Walutowo-paliwowa ruletka

W zasadzie dwie kategorie kosztowe RZiS niwelują dobry zysk operacyjny LOT-u. Są to „Aktualizacja wartości inwestycji” oraz „Różnice kursowe netto”, które razem składają się na koszt rzędu 220 mln zł. Pod wyżej wymienionymi nazwami kryją się dwa ryzyka, na które LOT jest narażony od zawsze. Są to wahania kursów walutowych oraz fluktuacja cen paliwa lotniczego. Warto przyjrzeć się tym kosztom bliżej, bo są niezmiernie ważne dla kondycji finansowej polskiego przewoźnika.


LOT oferuje głównie przewozy międzynarodowe, dlatego znacząca część jego sprzedaży stanowią przychody w walutach obcych. Również największe wydatki, jakie ponosi linia lotnicza w celu opłacenia transakcji zakupu paliwa lotniczego oraz rat leasingowych, są realizowane w walutach obcych, zwłaszcza w dolarach amerykańskich (USD). Rozliczanie i wycena na dzień bilansowy należności i zobowiązań powoduje powstawanie dodatnich i ujemnych różnic kursowych.

Koszty paliwa w 2018 r. wyniosły prawie 1,6 mld zł PLN i były wyższe o niespełna 58 proc. w stosunku do 2017 r. Udział wydatków na paliwo we wszystkich kosztach operacyjnych LOT-u wyniósł w zeszłym roku ponad 30 proc. Przyczyną wzrostu wydatków na paliwo była zwyżka jego ceny oraz zwiększenie pracy przewozowej LOT-u. Z kolei koszty dzierżawy samolotów w 2018 r. wyniosły 746,5 mln zł wobec 457,1 mln zł w 2017 r.

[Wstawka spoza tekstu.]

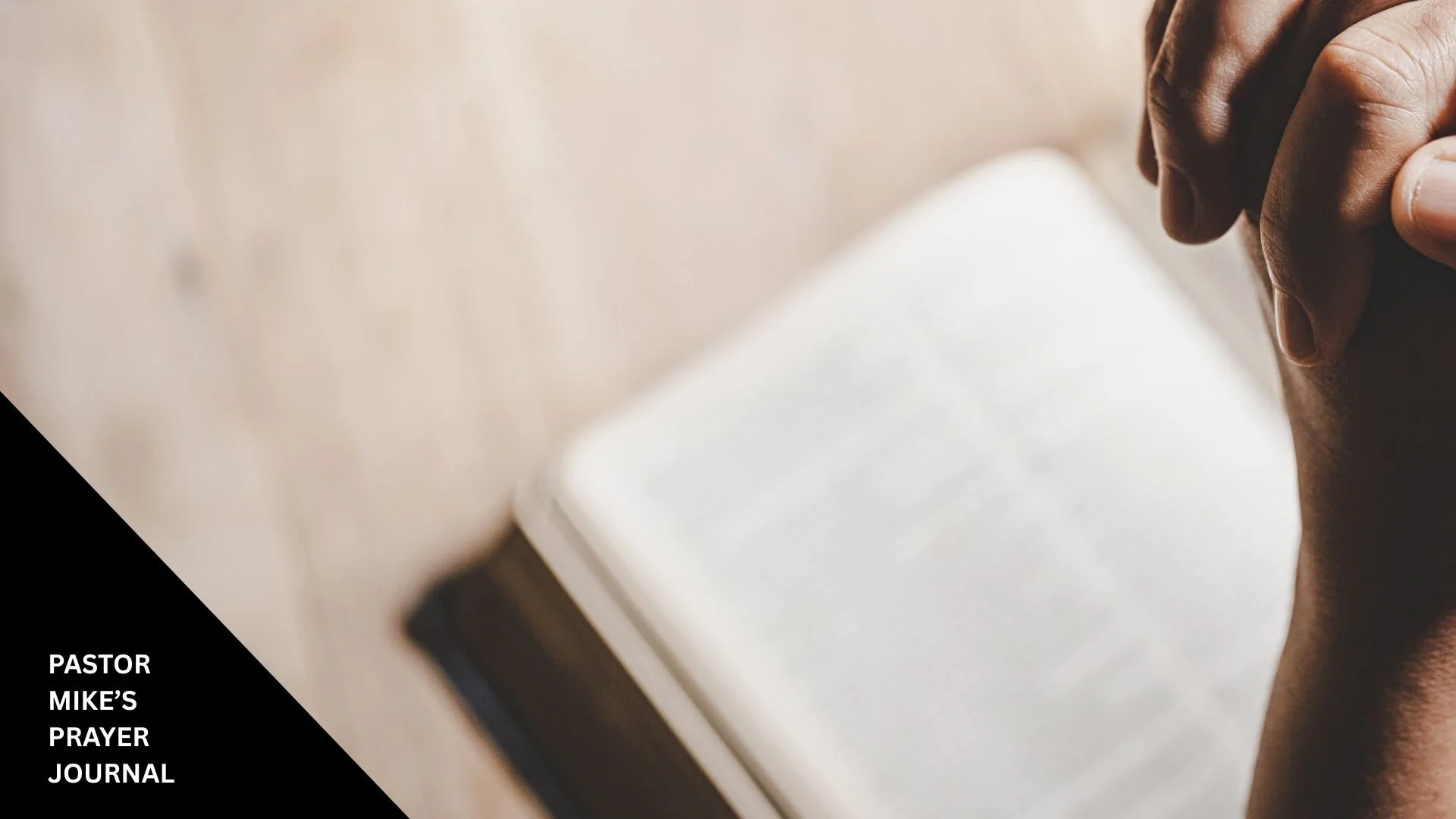    Prayer Journal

Walutowa struktura przychodów LOT-u kształtuje się następująco: euro 19 proc., dolar amerykański 27 proc., złoty 30 proc. i pozostałe 24 proc. Z kolei po stronie kosztów sytuacja wygląda jak dalej: euro 14 proc., dolar amerykański 58 proc., złoty 26 proc. i pozostałe 2 proc. Z powyższego wynika, że LOT musi kupować dolary za złotówki i euro. Stąd dla narodowego przewoźnika bardzo ważne są kursy PLN/USD i EUR/USD. Gdy złotówka i euro słabnie w stosunku do dolara amerykańskiego ryzyko walutowe rośnie.

Oba wspomniane powyżej ryzyka są zabezpieczane instrumentami finansowymi. W trakcie 2018 r. LOT zawarł 559 transakcji zabezpieczających ryzyko walutowe. Na dzień 31 grudnia 2018 r. spółka posiadała 467 otwartych instrumentów pochodnych. W tym samym okresie LOT zawarł 334 transakcji zabezpieczających ryzyko cen paliwa. Na ostatni dzień grudnia zeszłego roku przewoźnik posiadał 278 otwartych instrumentów pochodnych zabezpieczające to ryzyko.


W konsekwencji uwzględnienia negatywnej wyceny powyższych zabezpieczeń, zysk brutto, a więc przed opodatkowaniem, wyniósł zaledwie 10,8 mln zł. Po uwzględnieniu odroczonego podatku dochodowego finalnie zysk netto zamknął się kwotą 45,1 mln zł.

Bilans LOT-u na 31 grudnia 2018 r. wykazuje niewielką poprawę. Suma bilansowa wzrosła o ponad 8,5 proc. i osiągnęła wysokość ponad 4,7 mld zł. Na plus LOT-owi należy zaliczyć wzrost kapitału własnego o ponad 11 proc. Obecnie ta pozycja wykazuje 439 mln zł i jest najwyższa od 8 lat.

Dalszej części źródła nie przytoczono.